__GOAL OF THE EXERCISE__
Beginning at the line that holds "Zdjęcie 10 z", copy the material below exactly through its last line.

-- -- --

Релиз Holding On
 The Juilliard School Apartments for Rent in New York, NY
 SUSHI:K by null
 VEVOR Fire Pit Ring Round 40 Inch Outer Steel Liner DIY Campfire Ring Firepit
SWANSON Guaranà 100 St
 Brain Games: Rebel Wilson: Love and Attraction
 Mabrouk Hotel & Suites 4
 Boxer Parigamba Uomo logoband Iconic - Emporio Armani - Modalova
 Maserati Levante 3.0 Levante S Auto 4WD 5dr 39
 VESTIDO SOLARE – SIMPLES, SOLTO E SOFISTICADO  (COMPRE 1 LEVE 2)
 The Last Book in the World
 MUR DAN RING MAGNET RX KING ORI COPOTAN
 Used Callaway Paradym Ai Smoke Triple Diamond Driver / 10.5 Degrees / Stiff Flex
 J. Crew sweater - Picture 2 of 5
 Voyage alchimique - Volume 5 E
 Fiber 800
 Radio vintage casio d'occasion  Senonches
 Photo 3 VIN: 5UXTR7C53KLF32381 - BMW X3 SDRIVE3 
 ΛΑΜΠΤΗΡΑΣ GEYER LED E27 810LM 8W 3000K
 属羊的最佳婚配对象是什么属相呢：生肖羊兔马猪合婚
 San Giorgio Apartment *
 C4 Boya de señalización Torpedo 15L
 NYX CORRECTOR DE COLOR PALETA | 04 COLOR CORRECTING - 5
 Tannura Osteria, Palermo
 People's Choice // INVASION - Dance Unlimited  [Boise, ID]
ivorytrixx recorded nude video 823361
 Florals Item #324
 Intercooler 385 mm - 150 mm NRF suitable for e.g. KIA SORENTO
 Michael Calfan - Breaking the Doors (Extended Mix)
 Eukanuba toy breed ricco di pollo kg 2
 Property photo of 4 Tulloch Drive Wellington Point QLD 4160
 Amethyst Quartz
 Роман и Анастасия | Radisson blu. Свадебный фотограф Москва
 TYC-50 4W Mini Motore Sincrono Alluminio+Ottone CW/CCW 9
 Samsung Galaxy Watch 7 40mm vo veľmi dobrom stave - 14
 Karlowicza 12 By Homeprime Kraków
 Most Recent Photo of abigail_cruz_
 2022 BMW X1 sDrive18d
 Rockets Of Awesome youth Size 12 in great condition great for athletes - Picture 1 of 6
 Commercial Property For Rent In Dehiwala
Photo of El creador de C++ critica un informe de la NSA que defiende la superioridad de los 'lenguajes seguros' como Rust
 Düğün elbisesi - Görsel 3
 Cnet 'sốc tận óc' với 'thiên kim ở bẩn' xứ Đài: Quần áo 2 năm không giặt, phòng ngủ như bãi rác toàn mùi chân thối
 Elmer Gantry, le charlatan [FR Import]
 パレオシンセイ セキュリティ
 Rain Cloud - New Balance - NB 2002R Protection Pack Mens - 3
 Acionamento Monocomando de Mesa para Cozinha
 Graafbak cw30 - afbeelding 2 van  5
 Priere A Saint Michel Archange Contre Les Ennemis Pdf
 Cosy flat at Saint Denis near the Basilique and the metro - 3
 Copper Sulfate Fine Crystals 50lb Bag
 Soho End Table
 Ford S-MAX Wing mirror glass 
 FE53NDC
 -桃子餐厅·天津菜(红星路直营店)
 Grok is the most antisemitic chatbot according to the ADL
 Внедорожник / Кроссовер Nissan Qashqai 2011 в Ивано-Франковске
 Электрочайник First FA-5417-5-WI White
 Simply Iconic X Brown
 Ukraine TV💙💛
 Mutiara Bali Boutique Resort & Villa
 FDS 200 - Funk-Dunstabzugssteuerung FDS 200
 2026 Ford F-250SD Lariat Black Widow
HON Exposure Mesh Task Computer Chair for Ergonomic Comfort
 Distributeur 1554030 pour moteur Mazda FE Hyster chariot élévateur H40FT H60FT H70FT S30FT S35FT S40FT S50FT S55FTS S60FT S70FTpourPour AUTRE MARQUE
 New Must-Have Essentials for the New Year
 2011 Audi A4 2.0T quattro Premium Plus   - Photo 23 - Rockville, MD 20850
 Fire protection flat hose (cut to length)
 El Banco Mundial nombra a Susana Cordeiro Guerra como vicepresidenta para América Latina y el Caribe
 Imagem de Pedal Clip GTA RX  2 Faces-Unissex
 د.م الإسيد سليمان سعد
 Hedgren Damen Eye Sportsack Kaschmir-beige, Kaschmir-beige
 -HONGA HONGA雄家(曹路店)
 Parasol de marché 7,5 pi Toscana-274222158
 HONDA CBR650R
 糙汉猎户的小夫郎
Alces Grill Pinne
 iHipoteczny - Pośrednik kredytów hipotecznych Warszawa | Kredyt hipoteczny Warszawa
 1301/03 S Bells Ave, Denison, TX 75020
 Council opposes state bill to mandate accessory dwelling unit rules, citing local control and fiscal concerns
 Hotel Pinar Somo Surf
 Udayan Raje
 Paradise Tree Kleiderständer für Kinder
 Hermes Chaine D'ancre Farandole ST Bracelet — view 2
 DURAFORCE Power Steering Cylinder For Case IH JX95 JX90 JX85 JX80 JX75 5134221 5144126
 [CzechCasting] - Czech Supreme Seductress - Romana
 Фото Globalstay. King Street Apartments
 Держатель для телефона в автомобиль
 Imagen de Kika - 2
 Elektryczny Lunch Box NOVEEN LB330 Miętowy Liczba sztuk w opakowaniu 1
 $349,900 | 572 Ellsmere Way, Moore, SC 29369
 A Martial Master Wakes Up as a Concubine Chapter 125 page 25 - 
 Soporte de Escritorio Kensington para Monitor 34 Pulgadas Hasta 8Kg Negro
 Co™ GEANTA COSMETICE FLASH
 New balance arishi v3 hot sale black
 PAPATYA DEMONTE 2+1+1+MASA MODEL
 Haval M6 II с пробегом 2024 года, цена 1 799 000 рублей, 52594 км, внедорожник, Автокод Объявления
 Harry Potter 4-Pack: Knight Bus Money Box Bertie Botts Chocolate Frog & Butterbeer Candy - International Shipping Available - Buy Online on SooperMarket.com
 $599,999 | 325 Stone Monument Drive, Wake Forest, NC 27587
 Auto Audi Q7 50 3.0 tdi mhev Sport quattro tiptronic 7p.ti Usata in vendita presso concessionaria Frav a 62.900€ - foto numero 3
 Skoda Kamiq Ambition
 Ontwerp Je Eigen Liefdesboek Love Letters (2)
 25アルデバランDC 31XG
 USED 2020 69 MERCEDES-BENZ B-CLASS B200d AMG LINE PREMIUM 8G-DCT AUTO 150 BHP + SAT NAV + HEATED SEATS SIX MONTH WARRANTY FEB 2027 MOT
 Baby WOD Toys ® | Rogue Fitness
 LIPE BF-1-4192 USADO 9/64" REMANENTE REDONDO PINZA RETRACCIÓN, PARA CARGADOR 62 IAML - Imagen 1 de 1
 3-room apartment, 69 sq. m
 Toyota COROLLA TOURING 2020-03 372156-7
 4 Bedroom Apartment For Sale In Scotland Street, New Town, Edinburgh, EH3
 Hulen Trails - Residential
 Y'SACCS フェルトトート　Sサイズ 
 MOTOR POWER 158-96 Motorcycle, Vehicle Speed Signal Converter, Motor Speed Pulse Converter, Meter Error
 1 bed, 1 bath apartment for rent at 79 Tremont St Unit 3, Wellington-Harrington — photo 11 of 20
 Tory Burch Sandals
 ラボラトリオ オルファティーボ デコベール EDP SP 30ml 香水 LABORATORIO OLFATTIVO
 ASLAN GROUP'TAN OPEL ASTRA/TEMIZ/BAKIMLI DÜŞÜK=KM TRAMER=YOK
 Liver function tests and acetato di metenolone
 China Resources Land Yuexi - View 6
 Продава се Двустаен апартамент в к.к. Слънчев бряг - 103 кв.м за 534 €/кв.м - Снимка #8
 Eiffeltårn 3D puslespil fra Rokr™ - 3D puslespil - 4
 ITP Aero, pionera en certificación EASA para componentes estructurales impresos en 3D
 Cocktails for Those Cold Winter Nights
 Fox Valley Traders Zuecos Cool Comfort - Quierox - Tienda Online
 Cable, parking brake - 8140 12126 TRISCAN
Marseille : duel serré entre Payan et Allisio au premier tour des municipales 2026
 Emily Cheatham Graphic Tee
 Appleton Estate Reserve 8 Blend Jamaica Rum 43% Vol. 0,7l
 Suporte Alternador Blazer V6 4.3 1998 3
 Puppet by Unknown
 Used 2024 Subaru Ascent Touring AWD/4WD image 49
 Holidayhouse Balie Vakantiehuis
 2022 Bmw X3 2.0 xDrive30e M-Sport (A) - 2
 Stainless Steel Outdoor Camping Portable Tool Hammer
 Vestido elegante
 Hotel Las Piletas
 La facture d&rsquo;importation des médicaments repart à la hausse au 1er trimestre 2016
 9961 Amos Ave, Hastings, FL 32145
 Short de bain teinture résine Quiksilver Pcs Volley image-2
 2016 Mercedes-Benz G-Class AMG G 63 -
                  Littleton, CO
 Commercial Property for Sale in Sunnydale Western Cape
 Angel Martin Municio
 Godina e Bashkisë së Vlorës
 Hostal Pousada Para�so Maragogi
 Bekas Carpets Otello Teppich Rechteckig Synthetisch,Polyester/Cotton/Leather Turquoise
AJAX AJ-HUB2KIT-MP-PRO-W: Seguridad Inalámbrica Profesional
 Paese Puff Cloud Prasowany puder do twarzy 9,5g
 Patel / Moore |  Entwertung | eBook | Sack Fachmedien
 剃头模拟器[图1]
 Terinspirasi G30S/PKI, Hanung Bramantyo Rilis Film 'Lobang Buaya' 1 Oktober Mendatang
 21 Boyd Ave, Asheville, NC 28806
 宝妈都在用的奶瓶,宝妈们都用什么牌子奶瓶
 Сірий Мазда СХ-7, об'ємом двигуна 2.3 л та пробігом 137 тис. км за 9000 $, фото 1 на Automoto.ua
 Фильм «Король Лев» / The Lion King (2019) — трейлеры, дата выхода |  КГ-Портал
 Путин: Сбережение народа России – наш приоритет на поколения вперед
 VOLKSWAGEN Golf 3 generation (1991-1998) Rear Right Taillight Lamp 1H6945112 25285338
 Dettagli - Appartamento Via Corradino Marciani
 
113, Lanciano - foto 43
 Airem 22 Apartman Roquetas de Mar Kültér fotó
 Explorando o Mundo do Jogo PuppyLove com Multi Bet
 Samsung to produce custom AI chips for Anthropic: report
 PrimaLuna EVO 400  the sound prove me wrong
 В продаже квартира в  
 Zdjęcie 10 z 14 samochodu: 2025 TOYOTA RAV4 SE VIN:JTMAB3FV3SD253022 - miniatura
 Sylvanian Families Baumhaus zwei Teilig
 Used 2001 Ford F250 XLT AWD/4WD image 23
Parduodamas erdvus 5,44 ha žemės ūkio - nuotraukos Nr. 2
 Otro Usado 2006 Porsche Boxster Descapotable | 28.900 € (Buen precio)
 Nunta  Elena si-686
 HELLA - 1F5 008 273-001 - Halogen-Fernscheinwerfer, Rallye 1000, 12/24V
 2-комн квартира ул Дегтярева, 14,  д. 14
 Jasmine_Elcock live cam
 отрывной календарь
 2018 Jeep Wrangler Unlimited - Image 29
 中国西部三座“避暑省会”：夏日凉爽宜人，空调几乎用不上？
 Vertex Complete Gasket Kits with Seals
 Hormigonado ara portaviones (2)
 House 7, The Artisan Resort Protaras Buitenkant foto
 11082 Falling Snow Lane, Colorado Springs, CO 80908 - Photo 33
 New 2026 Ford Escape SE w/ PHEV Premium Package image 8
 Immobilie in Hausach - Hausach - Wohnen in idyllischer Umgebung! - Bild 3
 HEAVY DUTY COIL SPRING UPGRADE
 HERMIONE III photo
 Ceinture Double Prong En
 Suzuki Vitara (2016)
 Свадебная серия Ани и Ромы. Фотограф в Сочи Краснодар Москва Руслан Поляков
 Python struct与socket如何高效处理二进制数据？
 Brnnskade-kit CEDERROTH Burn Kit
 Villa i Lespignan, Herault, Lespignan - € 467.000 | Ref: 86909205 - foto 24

-- -- --

__WRITTEN RESPONSE__
 Zdjęcie 10 z 14 samochodu: 2025 TOYOTA RAV4 SE VIN:JTMAB3FV3SD253022 - miniatura
 Sylvanian Families Baumhaus zwei Teilig
 Used 2001 Ford F250 XLT AWD/4WD image 23
Parduodamas erdvus 5,44 ha žemės ūkio - nuotraukos Nr. 2
 Otro Usado 2006 Porsche Boxster Descapotable | 28.900 € (Buen precio)
 Nunta  Elena si-686
 HELLA - 1F5 008 273-001 - Halogen-Fernscheinwerfer, Rallye 1000, 12/24V
 2-комн квартира ул Дегтярева, 14,  д. 14
 Jasmine_Elcock live cam
 отрывной календарь
 2018 Jeep Wrangler Unlimited - Image 29
 中国西部三座“避暑省会”：夏日凉爽宜人，空调几乎用不上？
 Vertex Complete Gasket Kits with Seals
 Hormigonado ara portaviones (2)
 House 7, The Artisan Resort Protaras Buitenkant foto
 11082 Falling Snow Lane, Colorado Springs, CO 80908 - Photo 33
 New 2026 Ford Escape SE w/ PHEV Premium Package image 8
 Immobilie in Hausach - Hausach - Wohnen in idyllischer Umgebung! - Bild 3
 HEAVY DUTY COIL SPRING UPGRADE
 HERMIONE III photo
 Ceinture Double Prong En
 Suzuki Vitara (2016)
 Свадебная серия Ани и Ромы. Фотограф в Сочи Краснодар Москва Руслан Поляков
 Python struct与socket如何高效处理二进制数据？
 Brnnskade-kit CEDERROTH Burn Kit
 Villa i Lespignan, Herault, Lespignan - € 467.000 | Ref: 86909205 - foto 24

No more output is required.